Give back each record precisely, pictures excluded.

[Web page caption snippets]
..............................

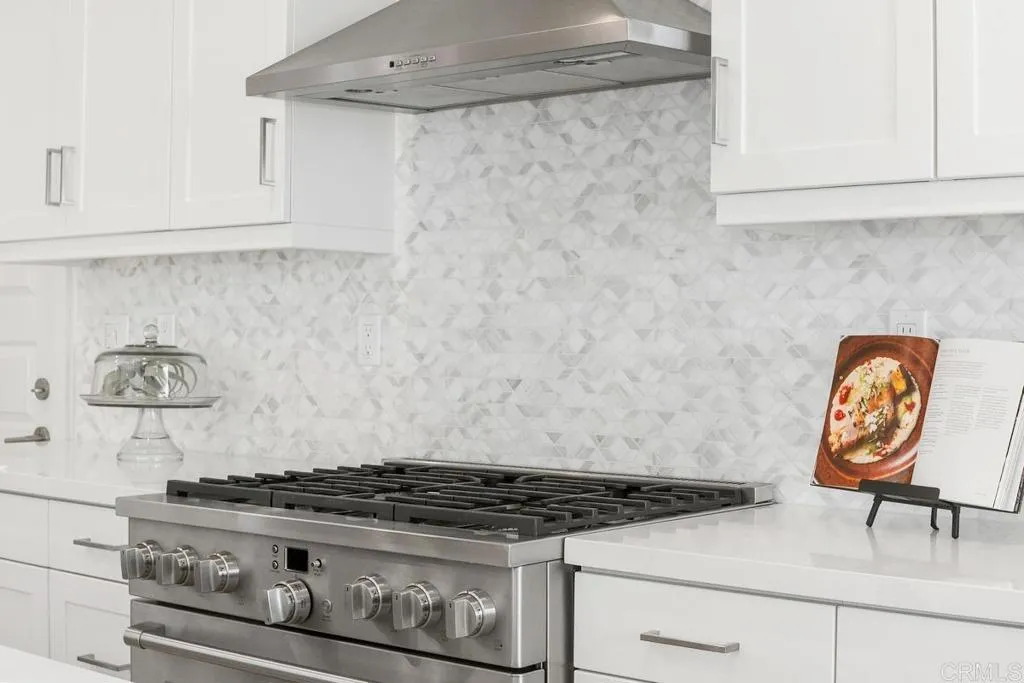 https://cdn.realtyfeed.com/cdn/127/307080928/9d37e7df450dbce5903a94283cf70461.webp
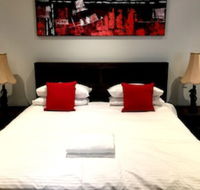 Deluxe Lake View House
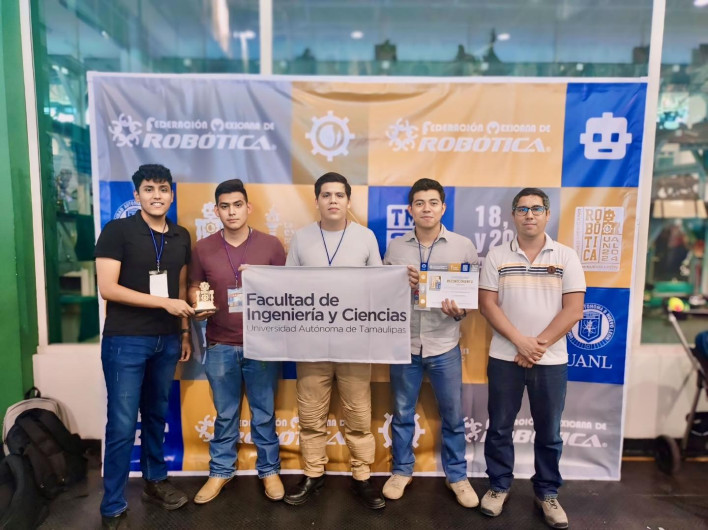 Alumnos de la UAT obtienen el primer lugar en el Torneo Mexicano de Robótica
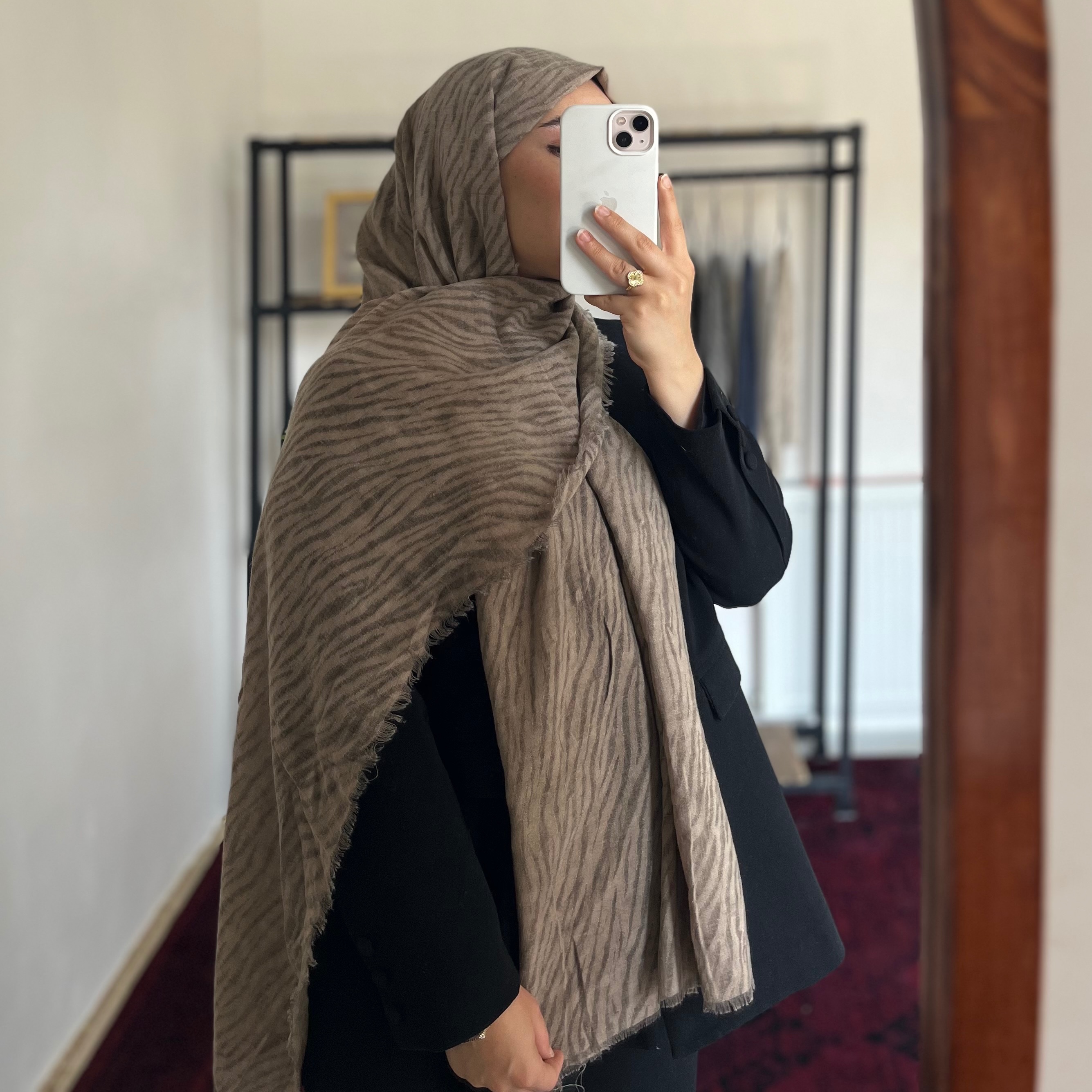 شال نخ کنفی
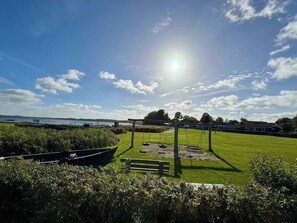 Unclassified image, 5 of 39, button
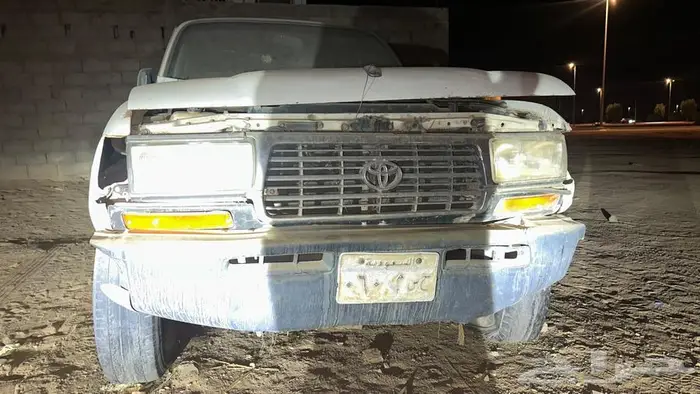 جيب صالون 97 يحمل لوحة مميزة 2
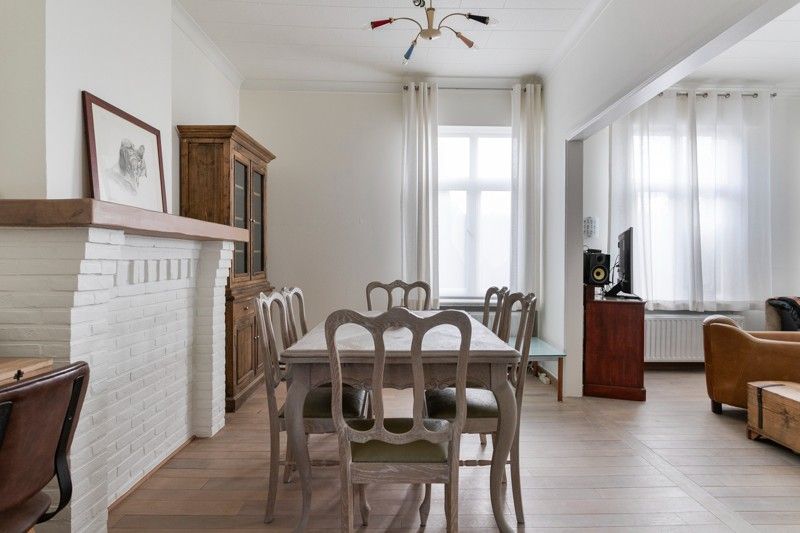 🏡 Uniek en authentiek pand vol karakter en mogelijkheden. Ruime woning, multifunctionele bijgebouwen en een charmante, omsloten tuin. foto 5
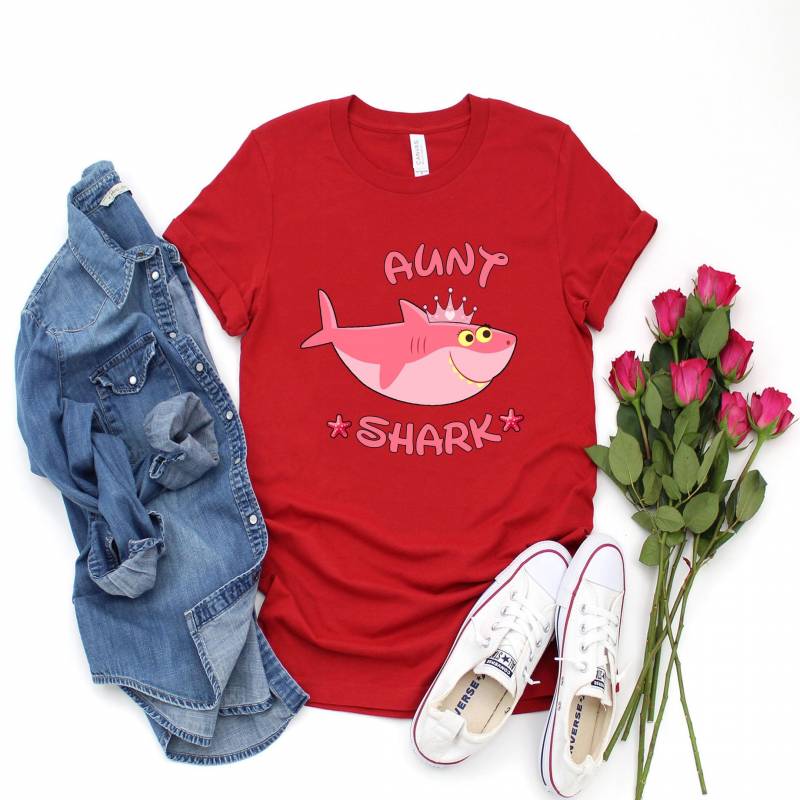 Crushtee Aunt Shark, Aunt Shark shirt, Aunt to be Shirt, Mommy Shark, Mommy Shark Shirt, Shark Family Shirt Long Sleeve Hoodie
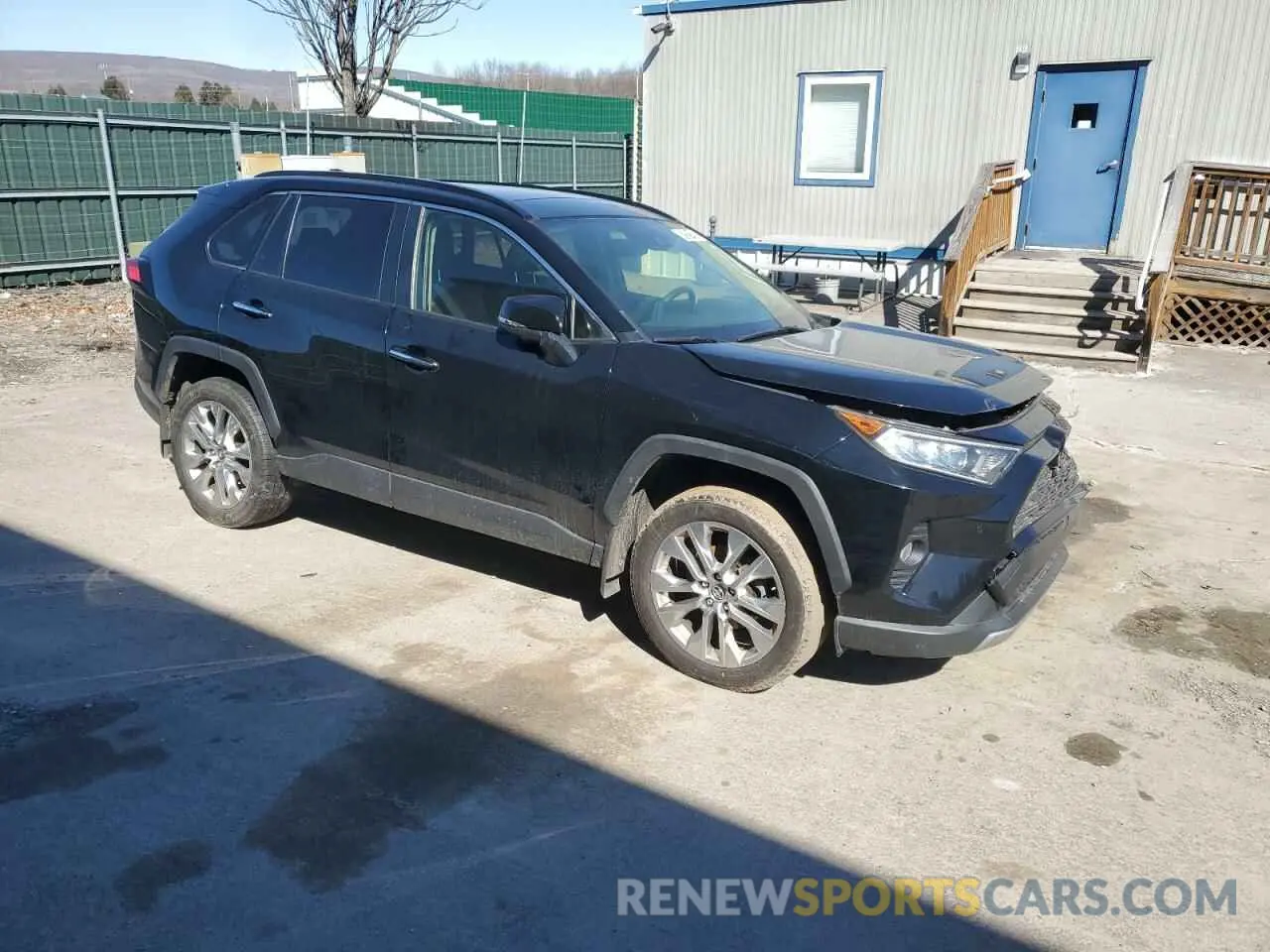 4 Photograph of a damaged car JTMN1RFV2KD518441 TOYOTA RAV4 2019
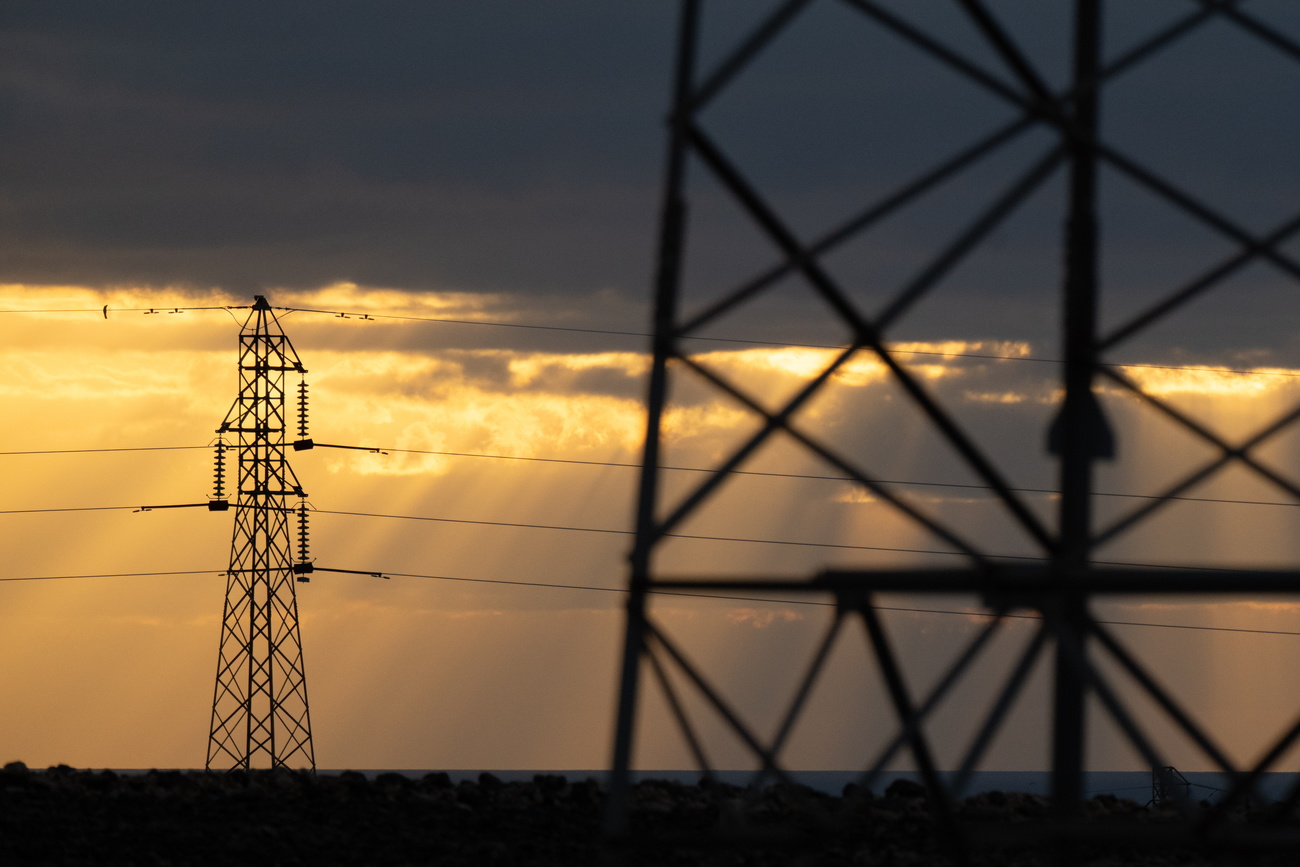 Tralici elettrici al tramonto.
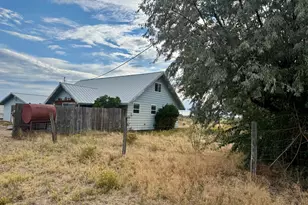 57674 Buckskin Rd, Christmas Valley, OR 97641 - Photo 5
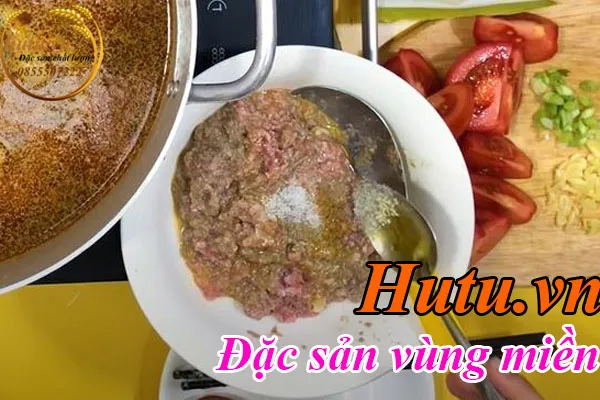 Sáng cuối tuần, đãi cả nhà bún riêu cua ‘homemade’ chuẩn vị, ngon miễn chê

..............................

RESPONSE AREA =>
 https://cdn.realtyfeed.com/cdn/127/307080928/9d37e7df450dbce5903a94283cf70461.webp
 Deluxe Lake View House
 Alumnos de la UAT obtienen el primer lugar en el Torneo Mexicano de Robótica
 شال نخ کنفی
 Unclassified image, 5 of 39, button
 جيب صالون 97 يحمل لوحة مميزة 2
 🏡 Uniek en authentiek pand vol karakter en mogelijkheden. Ruime woning, multifunctionele bijgebouwen en een charmante, omsloten tuin. foto 5
 Crushtee Aunt Shark, Aunt Shark shirt, Aunt to be Shirt, Mommy Shark, Mommy Shark Shirt, Shark Family Shirt Long Sleeve Hoodie
 4 Photograph of a damaged car JTMN1RFV2KD518441 TOYOTA RAV4 2019
 Tralici elettrici al tramonto.
 57674 Buckskin Rd, Christmas Valley, OR 97641 - Photo 5
 Sáng cuối tuần, đãi cả nhà bún riêu cua ‘homemade’ chuẩn vị, ngon miễn chê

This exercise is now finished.